## TASK TO CARRY OUT
In the listing that follows, find the line with "Black And Green", then copy exactly from it through the line with "ナチュラルベージュの円形バスケット", leaving out every picture.

══ THE DATA ══

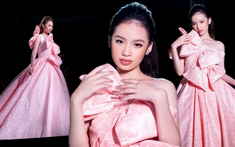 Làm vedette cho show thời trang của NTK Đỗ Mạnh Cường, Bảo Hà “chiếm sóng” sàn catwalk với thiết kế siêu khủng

═══
══ THE DATA ══

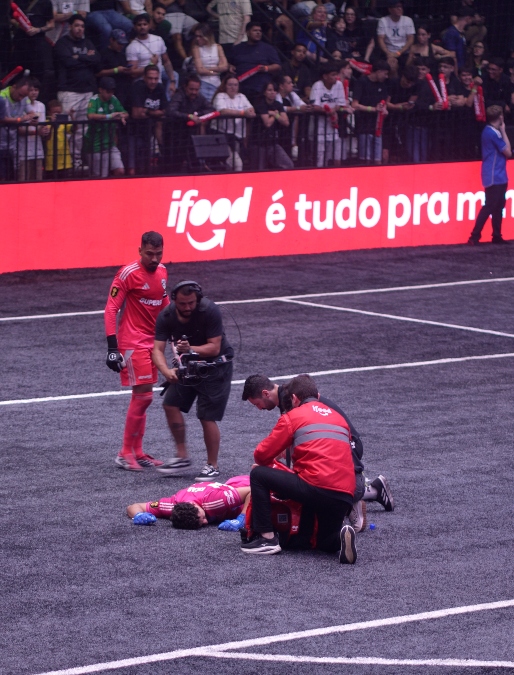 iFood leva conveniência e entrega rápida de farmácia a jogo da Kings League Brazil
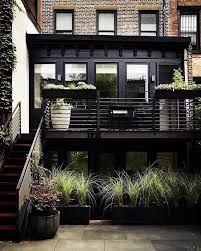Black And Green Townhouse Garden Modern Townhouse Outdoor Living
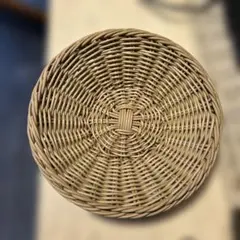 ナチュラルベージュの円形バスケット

═══

## WRITTEN ANSWER
Black And Green Townhouse Garden Modern Townhouse Outdoor Living
 ナチュラルベージュの円形バスケット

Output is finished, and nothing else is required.